Mohammad Bahawal Khan V (1883–1907), full title H.H. Rukn ud-Daula, Mukhlis ud-Daula, Hafiz ul-Mulk, Al-Haj Nawab Mohammad Bahawal Khan Abbasi V Bahadur, was the Nawab of the Kingdom of Bahawalpur, a former princely state of the British Raj, now part of Pakistan. He ruled from 1899 until his death. As Nawab of Bahawalpur he was entitled to a 17-gun salute.

Biography
Mohammad Bahawal Khan V was the second son by the second wife of Nawab Amir Sir Sadeq Mohammad Khan Abbasi IV Bahadur.
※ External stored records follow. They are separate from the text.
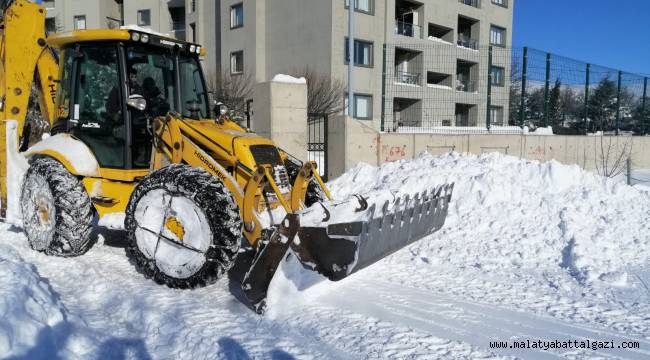 Arapgir'de kar yağışı sonrası yollarda çalışma başlatıldı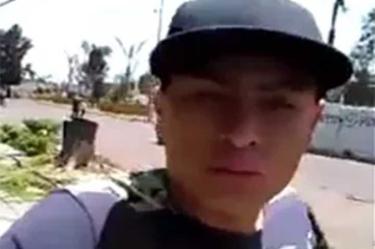 El hombre amenazó a las personas para que se cuidaran al salir a la calle, pues andaba robando.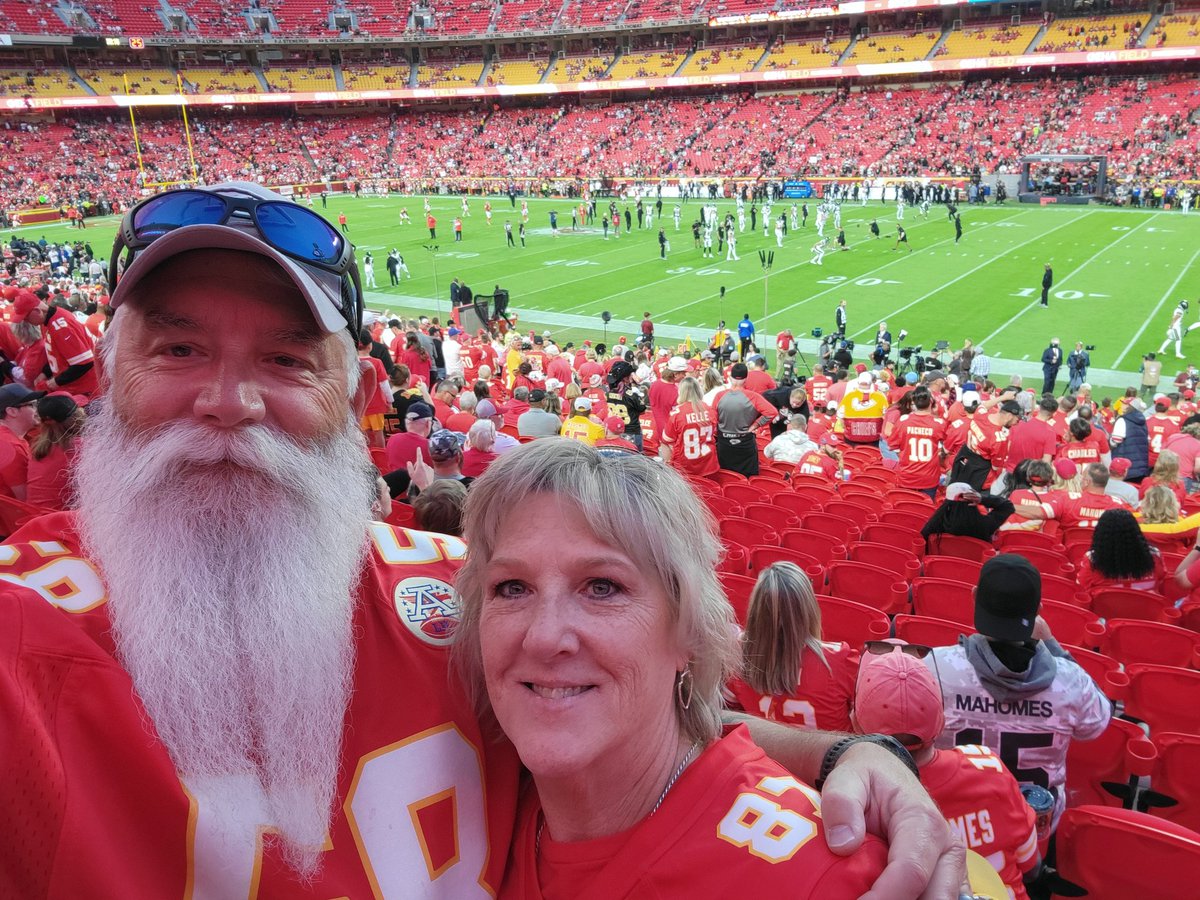 PCPirateDad's tweet photo. First Chiefs game in a long time!  #ChiefsKingdom https://t.co/rxNPc5libk
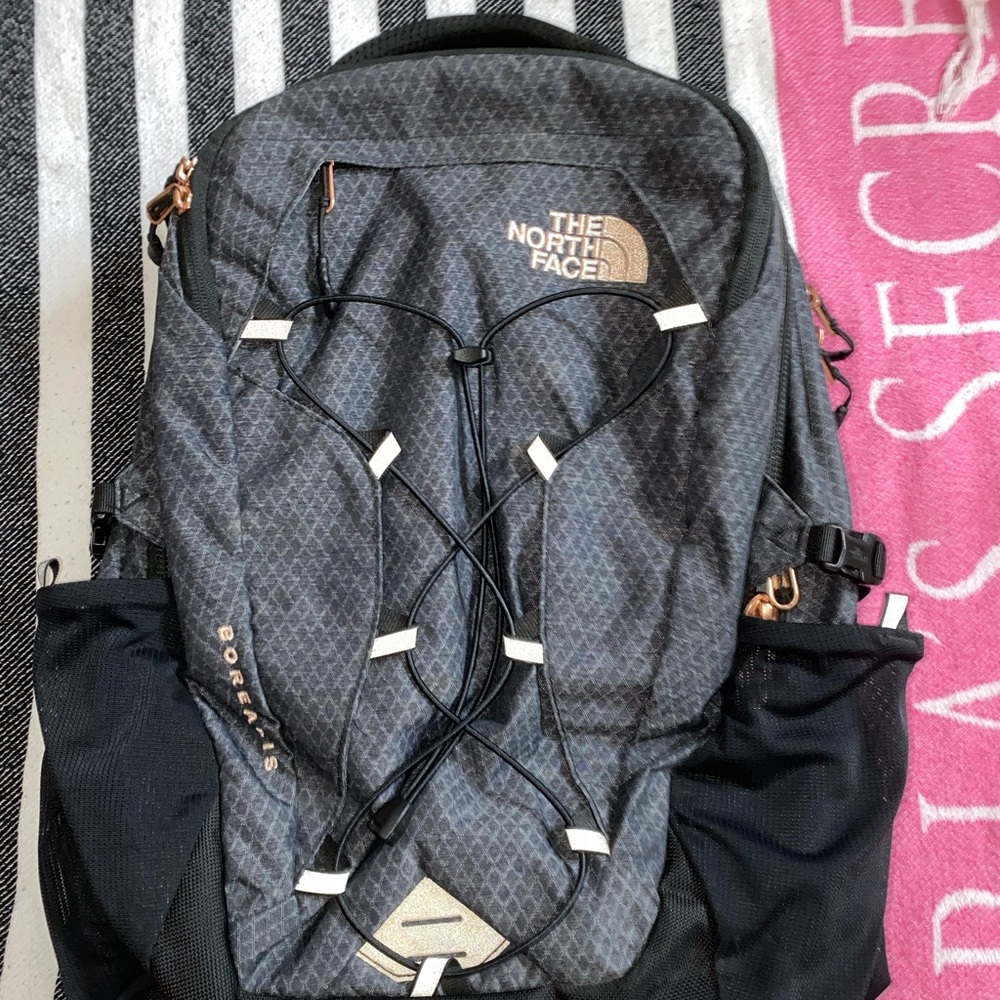 Women’s Northface Backpack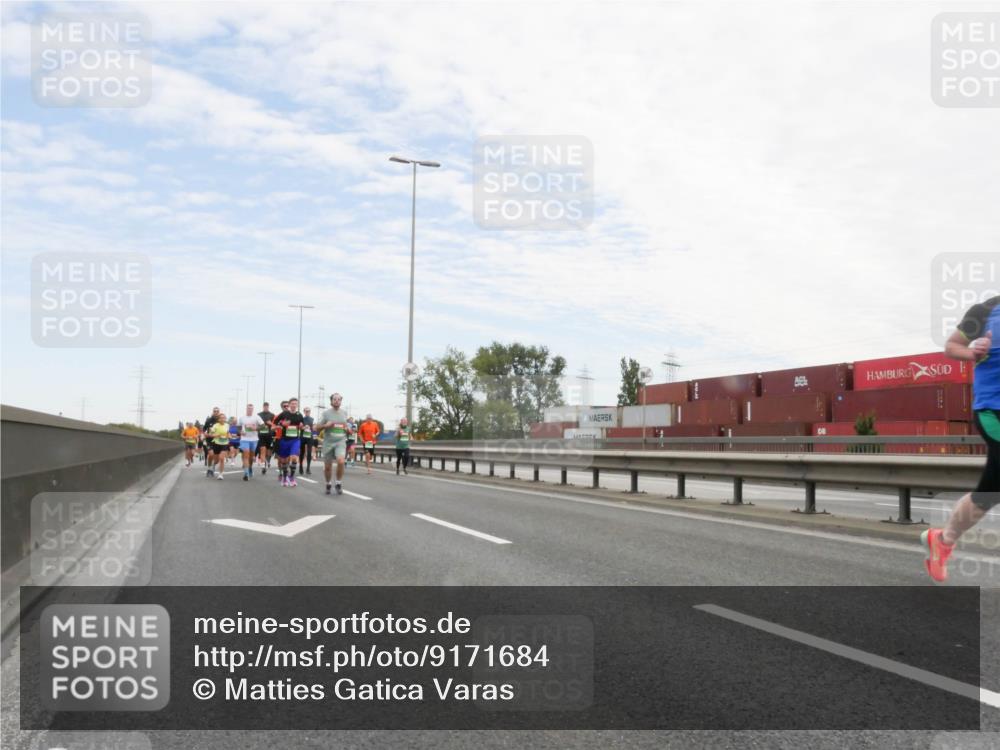 03.10.2025 - Köhlbrandbrückenlauf Matties Gatica Varas http://msf.ph/oto/9171684 03.10.2025 15:17:47 Position 3  meine-sportfotos.de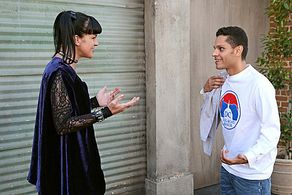 Pauley Perrette and Daniel Louis Rivas in NCIS (2003)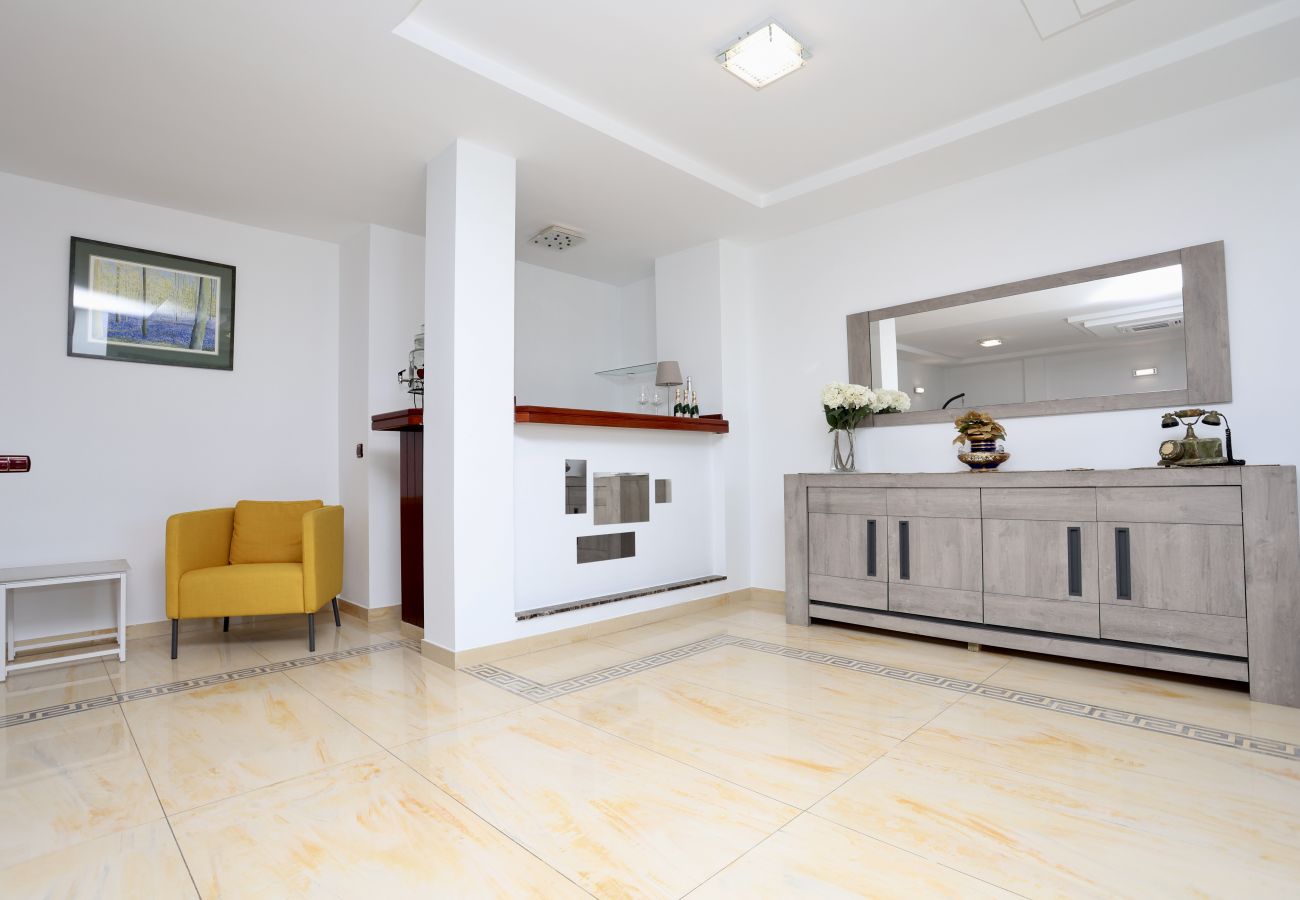 Villa in San Bartolomé de Tirajana - Happy Home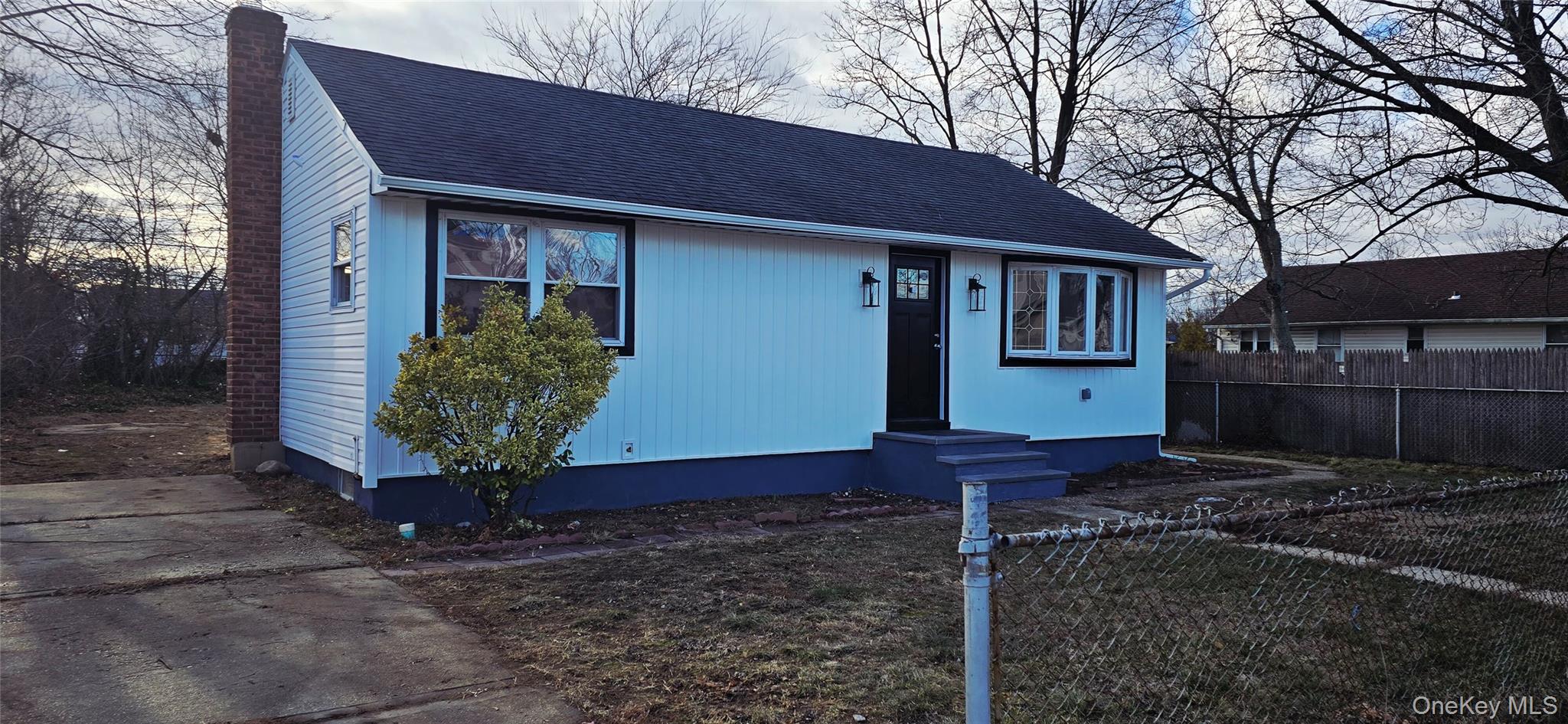 #1 photo, 33 Silverpine Drive, Amityville , NY 11701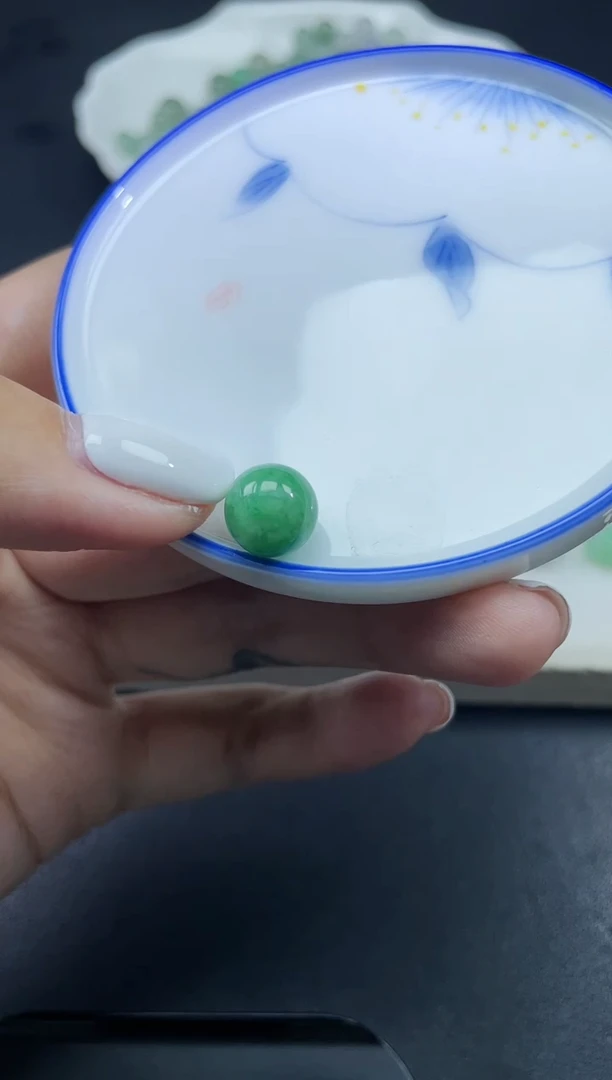 翡翠未镶嵌颈饰啊L440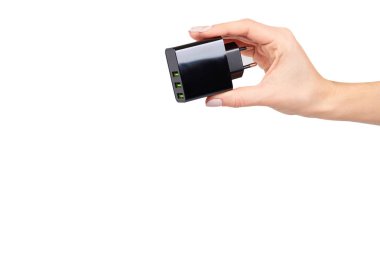 Siyah Usb duvar chrger fişi ile el, üç bağlantı noktası.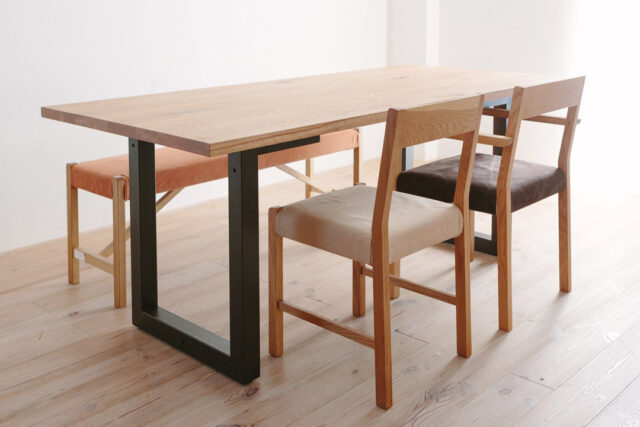 直線的な印象の椅子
In 1899, when he was only fifteen, Nawab Mohammad Bahawal Khan V ascended the throne of Bahawalpur following his father's death. He reigned under a Council of Superintendence until he came of age and was invested with full ruling powers in a ceremony attended by the Viceroy, Lord Curzon himself, at Derawar Fort on 12 November 1903.

In 1902 Nawab Mohammad Bahawal Khan V was invited to London to attend the Coronation of Edward VII and Queen Alexandra at Westminster Abbey. He set out from Karachi, but on the preliminary voyage to Bombay he suffered so severely from sea sickness that on landing there he cancelled the visit.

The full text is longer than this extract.